Media and ye Olde public sphere.
I was lying on the couch at the beach shack the yesterday, reading after having just had breakfast, when my phone rang. It was a journalist from Adelaide radio wanting comment on something related to mobile phones.
“You are a expert on mobile phone culture right?” he said.
I told him I was driving and would ring him back later, he gave me a number I didn’t write down. I felt a little ashamed to lie to him, but also a little self righteously glad and I realised then how my attitude to dealing with journalists and the media had changed over the past few years. Even though I’d worked at a few other Universities, after starting at UTS 5 years ago I came onto the media radar strongly, firstly around blogging and then around mobile cultures.
Even when these calls started running at five or six a week (and I felt like I had to spend time preparing for the radio and TV spots) I felt like this is what academics were supposed to do. Contribute to the public conversation, be a public resource in some small way speaking through the media. Which is how I ended up on 2UE during the Cronulla riots debating the content of the text messages flying back and forth. But also how I ended up in the Courier-Mail entertainment section before Christmas pontificating on the way young people interact with the world through mobile devices.
I’ve stopped returning the calls now, disillusioned with the idea that participating was doing anyone any good except for the media companies hungry for free content from “experts”. For a while I had an ABC-only policy to callbacks but even that got tired after a while. In short I was worn down by the ceaseless inanity of the requests and the conversations, the clueless journalists with no idea about what they are asking or who they are talking to, keyboards clattering away in the background as they soundbite your impromptu spray delivered from the office chair.
The guilt I still feel about having taken this attitude is related to two things, firstly if no-one participates in the endless spectacle for these reasons all you end up with is people with a particularly crazy axe to grind like Hetty Johnson.

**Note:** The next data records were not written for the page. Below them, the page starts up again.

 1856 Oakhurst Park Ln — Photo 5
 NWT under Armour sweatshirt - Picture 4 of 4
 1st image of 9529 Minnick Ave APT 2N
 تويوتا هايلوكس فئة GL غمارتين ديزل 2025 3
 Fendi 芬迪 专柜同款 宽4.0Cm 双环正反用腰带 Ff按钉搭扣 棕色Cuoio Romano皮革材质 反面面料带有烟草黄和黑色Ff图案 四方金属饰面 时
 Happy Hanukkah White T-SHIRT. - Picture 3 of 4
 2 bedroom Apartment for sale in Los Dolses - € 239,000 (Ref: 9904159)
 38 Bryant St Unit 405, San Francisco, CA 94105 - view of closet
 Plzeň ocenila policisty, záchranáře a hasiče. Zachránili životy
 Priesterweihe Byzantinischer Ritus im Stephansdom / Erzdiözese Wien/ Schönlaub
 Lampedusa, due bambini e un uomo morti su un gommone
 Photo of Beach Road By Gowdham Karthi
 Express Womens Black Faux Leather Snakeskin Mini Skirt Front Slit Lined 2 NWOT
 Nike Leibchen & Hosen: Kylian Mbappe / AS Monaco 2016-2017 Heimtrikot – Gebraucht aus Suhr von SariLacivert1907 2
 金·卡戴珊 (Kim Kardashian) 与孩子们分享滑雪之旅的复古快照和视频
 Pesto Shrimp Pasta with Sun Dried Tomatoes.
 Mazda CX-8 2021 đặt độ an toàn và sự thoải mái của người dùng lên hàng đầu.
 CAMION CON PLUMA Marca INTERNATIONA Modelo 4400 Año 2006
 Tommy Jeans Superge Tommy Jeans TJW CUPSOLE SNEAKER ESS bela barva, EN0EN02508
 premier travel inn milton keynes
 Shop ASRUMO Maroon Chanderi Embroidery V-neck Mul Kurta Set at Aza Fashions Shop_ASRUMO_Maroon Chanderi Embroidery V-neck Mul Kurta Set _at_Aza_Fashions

These people make great media fodder, always up for an outraged/combative quote. And the second reason is that media is of course a kind of public space, especially in terms of broadcast media where public airspace is used under publicly granted license. It feels wrong not to contribute in some small way if you have the opportunity, leaving it to the news pros and the axe grinders they feed on, but for me at least I’d prefer that feeling than opening the floodgates again.